空撮から始まるオープニング。冒頭からイーストウッドとサーティーズの世界がもうたまらん。全体にイーストウッド監督作とほとんど見紛うばかりだが、一部、彼だったら考えられないような演出ミスがある。例えば、窓越しに家の前の舗道にいる別れた妻を見るシーンの距離感だとか。
ゑぎ

**ネタバレ注意**
映画を見終った人むけのレビューです。

これ以降の文章には映画の内容に関する重要な情報が書かれています。
まだ映画を見ていない人がみると映画の面白さを損なうことがありますのでご注意下さい。

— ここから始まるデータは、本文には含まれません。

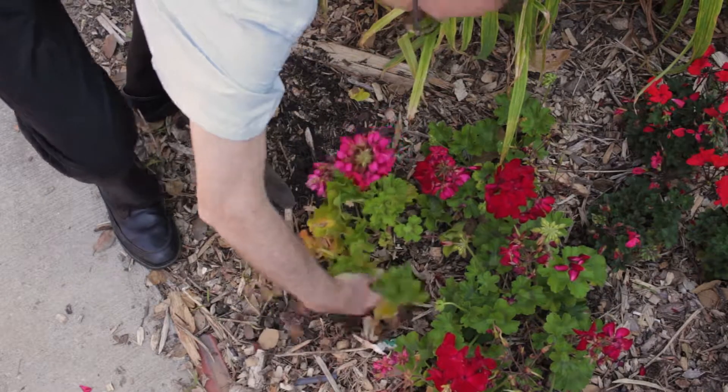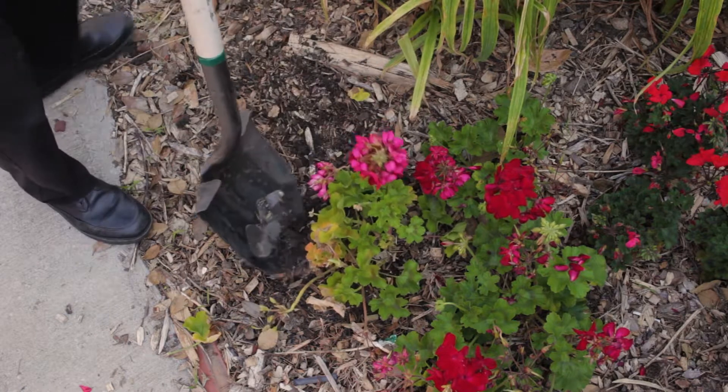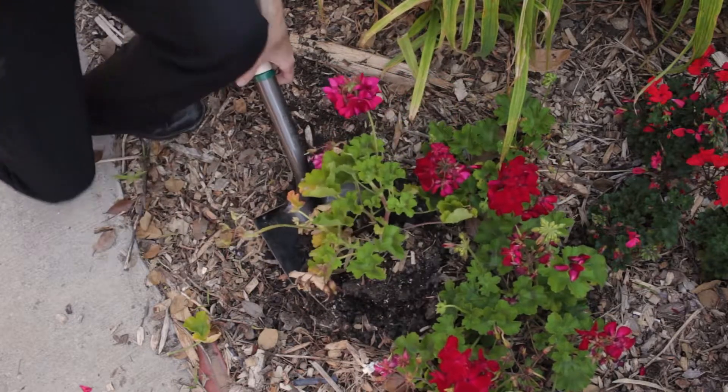Very often problems in the above-ground portions of the plant reflect conditions in the roots or soil. So we want, if possible, a sample of an entire plant. If they're very small, take several plants, again showing a range of symptoms. If they're somewhat larger, two or three would be sufficient.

 しかしそんな指摘は重箱の隅つつきのそしりを受けそうだ。本作も全般に実に面白く、シーンは充実している。いつもの不道徳なイーストウッド。仮面のモチーフや倉庫の中の大きな人形達といったスペクタキュラー。部屋にある一角獣の絵画は『ダーティハリー4』を想起させる。サーティーズのローキーにはしびれっぱなしだ。そしてこれも卑近なことを云うようだが、やっぱり本作で一番驚かされるのはアリソン・イーストウッドの扱いだろう。こんな題材の映画で親娘共演する、というだけでも凄いと思うのだが、ラスト近くでレイプされるという役柄なのだ。こういうところにもイーストウッドの映画に対する峻厳な態度が現れている。云い換えれば、彼は映画に対してどこまでも道徳的だ。